Data records
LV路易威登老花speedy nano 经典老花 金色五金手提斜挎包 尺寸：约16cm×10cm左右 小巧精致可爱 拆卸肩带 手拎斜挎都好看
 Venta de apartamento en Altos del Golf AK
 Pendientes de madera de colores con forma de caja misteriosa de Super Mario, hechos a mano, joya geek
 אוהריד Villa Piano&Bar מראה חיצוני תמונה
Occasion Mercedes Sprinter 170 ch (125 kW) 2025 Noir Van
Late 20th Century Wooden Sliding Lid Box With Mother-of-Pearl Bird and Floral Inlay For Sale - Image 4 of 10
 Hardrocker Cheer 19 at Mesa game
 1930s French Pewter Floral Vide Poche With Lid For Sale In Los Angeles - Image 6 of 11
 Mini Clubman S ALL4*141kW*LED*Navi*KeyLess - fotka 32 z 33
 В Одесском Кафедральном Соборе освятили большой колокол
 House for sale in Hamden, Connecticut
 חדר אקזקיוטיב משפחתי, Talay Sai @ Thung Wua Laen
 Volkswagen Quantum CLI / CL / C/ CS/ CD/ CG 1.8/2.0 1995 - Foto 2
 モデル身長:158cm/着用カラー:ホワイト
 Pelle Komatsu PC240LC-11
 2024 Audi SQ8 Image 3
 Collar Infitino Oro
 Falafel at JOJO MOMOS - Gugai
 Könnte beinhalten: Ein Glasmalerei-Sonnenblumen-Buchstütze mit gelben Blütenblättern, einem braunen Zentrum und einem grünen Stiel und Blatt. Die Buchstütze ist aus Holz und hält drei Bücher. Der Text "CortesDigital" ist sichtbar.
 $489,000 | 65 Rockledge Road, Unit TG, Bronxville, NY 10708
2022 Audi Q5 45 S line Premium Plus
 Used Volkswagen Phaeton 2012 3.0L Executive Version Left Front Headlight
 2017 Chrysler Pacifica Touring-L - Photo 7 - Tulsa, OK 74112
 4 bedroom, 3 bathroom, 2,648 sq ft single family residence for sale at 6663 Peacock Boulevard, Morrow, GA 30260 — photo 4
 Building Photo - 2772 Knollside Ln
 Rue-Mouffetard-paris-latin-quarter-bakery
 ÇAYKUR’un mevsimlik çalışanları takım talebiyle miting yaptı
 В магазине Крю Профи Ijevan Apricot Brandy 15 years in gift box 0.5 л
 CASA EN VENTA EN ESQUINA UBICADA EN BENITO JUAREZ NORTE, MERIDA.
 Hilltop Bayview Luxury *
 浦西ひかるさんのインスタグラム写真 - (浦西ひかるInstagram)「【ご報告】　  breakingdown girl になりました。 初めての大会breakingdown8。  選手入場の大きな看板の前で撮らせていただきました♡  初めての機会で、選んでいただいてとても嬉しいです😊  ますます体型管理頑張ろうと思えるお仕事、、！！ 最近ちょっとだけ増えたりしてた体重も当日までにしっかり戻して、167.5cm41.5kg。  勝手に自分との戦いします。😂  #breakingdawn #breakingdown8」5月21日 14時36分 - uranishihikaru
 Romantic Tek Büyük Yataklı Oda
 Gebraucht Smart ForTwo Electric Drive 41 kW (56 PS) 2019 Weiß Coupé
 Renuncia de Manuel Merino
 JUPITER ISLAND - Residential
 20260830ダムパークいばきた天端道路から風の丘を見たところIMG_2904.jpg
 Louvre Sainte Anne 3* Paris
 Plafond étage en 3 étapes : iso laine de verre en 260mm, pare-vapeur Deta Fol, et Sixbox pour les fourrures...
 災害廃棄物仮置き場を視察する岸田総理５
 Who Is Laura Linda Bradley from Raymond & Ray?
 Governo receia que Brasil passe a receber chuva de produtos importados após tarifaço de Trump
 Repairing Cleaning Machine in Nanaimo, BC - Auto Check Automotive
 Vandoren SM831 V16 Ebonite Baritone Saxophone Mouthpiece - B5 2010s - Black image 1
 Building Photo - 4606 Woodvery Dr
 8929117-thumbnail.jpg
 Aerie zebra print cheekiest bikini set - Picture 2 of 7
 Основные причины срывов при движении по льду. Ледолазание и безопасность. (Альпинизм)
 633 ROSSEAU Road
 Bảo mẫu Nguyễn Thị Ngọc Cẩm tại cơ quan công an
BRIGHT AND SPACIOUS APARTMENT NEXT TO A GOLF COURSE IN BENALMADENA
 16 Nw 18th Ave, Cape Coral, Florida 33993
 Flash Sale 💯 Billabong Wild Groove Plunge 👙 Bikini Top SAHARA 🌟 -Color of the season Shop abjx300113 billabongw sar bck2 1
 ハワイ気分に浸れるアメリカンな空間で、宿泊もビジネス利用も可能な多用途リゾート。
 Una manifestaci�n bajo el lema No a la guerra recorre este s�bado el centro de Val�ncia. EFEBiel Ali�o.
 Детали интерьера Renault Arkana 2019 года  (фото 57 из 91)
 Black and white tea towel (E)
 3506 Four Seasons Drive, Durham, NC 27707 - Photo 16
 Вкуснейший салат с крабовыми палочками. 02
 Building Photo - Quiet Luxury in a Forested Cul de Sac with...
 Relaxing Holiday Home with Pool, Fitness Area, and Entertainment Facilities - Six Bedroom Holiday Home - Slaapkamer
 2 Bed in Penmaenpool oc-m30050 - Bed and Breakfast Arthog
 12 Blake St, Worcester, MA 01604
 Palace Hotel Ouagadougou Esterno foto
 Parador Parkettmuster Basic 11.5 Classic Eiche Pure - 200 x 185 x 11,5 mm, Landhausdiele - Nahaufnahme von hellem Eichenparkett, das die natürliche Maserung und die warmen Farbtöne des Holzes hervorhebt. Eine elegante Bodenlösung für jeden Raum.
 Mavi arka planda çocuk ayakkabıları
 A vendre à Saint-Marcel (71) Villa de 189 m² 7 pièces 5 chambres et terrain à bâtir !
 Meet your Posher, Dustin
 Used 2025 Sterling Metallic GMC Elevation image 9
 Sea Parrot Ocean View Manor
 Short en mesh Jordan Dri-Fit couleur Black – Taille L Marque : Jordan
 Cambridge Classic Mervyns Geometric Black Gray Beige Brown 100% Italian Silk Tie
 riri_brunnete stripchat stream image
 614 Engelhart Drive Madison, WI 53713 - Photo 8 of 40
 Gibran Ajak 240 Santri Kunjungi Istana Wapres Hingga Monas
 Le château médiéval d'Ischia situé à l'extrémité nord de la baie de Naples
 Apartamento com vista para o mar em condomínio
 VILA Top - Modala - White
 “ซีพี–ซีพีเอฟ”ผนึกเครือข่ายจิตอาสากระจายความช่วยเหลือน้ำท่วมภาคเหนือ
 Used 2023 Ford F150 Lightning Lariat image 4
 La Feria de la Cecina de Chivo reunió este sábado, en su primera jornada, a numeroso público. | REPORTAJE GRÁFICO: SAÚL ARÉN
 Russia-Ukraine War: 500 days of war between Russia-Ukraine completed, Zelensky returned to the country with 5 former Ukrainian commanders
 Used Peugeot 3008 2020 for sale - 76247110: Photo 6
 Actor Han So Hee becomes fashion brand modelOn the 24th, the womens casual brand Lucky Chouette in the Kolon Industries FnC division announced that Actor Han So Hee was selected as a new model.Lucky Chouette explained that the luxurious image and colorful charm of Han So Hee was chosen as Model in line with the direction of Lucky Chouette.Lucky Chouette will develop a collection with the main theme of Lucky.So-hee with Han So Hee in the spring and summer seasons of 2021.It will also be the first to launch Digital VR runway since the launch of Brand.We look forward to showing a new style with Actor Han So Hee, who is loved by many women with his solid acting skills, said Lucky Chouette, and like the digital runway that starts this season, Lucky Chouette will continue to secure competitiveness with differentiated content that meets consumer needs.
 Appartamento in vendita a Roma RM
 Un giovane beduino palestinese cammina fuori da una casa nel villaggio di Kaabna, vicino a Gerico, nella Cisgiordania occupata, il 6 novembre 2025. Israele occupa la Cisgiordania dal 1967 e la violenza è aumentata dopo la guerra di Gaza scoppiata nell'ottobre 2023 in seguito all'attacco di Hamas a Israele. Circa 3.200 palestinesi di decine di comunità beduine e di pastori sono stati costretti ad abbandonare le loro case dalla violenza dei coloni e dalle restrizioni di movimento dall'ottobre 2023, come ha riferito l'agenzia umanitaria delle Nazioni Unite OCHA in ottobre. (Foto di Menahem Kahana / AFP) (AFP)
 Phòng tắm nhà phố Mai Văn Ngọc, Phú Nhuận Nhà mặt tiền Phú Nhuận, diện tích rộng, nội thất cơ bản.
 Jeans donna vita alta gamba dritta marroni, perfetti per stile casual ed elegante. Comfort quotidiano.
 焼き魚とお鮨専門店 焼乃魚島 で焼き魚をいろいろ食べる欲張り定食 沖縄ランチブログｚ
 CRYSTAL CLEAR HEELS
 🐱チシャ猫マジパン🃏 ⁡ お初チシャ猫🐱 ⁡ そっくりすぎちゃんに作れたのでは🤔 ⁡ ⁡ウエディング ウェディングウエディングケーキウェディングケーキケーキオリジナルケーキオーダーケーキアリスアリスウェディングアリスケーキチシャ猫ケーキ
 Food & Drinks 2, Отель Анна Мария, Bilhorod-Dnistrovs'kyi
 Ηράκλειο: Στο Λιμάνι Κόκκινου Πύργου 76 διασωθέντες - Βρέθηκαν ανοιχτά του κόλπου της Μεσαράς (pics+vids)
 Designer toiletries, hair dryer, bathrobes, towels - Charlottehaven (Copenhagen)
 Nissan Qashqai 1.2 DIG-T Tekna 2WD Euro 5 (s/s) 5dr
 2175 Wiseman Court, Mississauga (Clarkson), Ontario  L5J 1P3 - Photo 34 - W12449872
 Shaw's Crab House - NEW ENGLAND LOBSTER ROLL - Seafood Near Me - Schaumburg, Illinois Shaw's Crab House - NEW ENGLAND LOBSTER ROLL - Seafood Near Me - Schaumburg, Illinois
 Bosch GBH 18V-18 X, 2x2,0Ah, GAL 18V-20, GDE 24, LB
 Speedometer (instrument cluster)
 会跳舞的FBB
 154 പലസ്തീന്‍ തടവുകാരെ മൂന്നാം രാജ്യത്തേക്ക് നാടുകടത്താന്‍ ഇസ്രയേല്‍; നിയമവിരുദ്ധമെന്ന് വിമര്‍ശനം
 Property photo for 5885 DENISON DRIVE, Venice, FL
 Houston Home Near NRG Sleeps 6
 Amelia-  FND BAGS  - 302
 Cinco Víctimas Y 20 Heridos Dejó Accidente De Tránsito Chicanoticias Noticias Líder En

Work item
Output, please, only the lines running from the start of the entries through the line that contains "2022 Audi Q5 45 S line Premium Plus", including both of those lines.

Result below
LV路易威登老花speedy nano 经典老花 金色五金手提斜挎包 尺寸：约16cm×10cm左右 小巧精致可爱 拆卸肩带 手拎斜挎都好看
 Venta de apartamento en Altos del Golf AK
 Pendientes de madera de colores con forma de caja misteriosa de Super Mario, hechos a mano, joya geek
 אוהריד Villa Piano&Bar מראה חיצוני תמונה
Occasion Mercedes Sprinter 170 ch (125 kW) 2025 Noir Van
Late 20th Century Wooden Sliding Lid Box With Mother-of-Pearl Bird and Floral Inlay For Sale - Image 4 of 10
 Hardrocker Cheer 19 at Mesa game
 1930s French Pewter Floral Vide Poche With Lid For Sale In Los Angeles - Image 6 of 11
 Mini Clubman S ALL4*141kW*LED*Navi*KeyLess - fotka 32 z 33
 В Одесском Кафедральном Соборе освятили большой колокол
 House for sale in Hamden, Connecticut
 חדר אקזקיוטיב משפחתי, Talay Sai @ Thung Wua Laen
 Volkswagen Quantum CLI / CL / C/ CS/ CD/ CG 1.8/2.0 1995 - Foto 2
 モデル身長:158cm/着用カラー:ホワイト
 Pelle Komatsu PC240LC-11
 2024 Audi SQ8 Image 3
 Collar Infitino Oro
 Falafel at JOJO MOMOS - Gugai
 Könnte beinhalten: Ein Glasmalerei-Sonnenblumen-Buchstütze mit gelben Blütenblättern, einem braunen Zentrum und einem grünen Stiel und Blatt. Die Buchstütze ist aus Holz und hält drei Bücher. Der Text "CortesDigital" ist sichtbar.
 $489,000 | 65 Rockledge Road, Unit TG, Bronxville, NY 10708
2022 Audi Q5 45 S line Premium Plus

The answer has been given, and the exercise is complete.